DATA BELOW below:
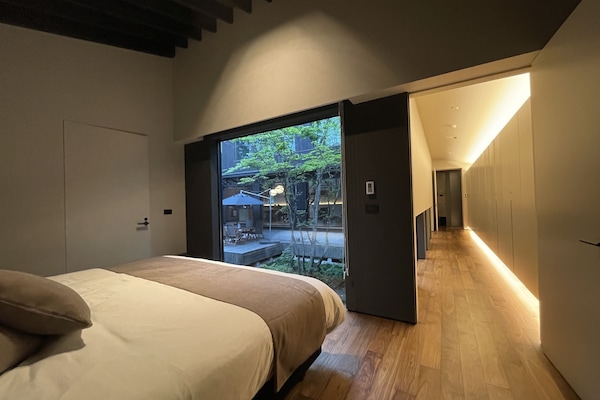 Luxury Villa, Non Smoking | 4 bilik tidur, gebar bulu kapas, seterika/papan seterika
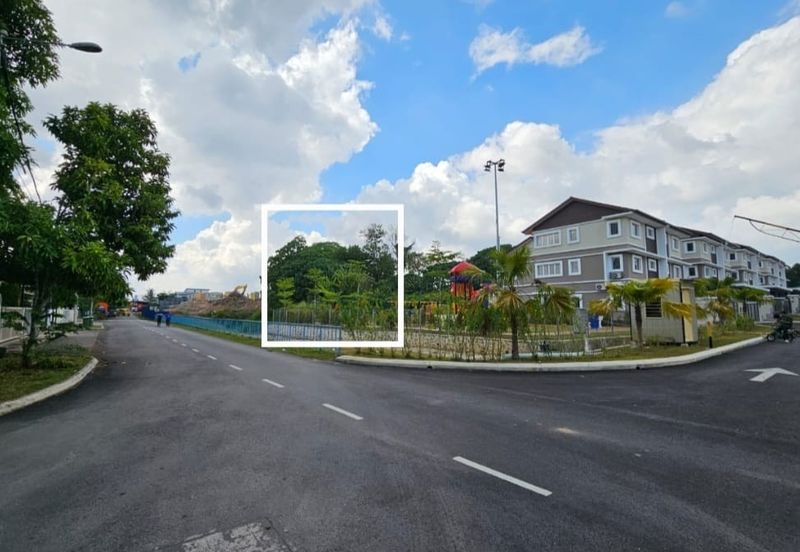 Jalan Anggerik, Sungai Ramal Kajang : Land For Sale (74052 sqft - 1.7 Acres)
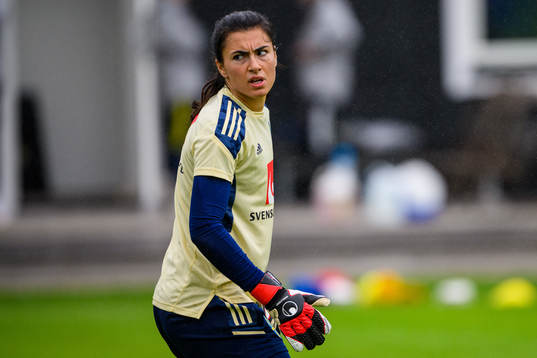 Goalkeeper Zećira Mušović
End of DATA BELOW.
* [TASK OBJECTIVE]: Leave out the pictures and reproduce the rest of the listing exactly.

* [ANSWER]:
 Luxury Villa, Non Smoking | 4 bilik tidur, gebar bulu kapas, seterika/papan seterika
 Jalan Anggerik, Sungai Ramal Kajang : Land For Sale (74052 sqft - 1.7 Acres)
 Goalkeeper Zećira Mušović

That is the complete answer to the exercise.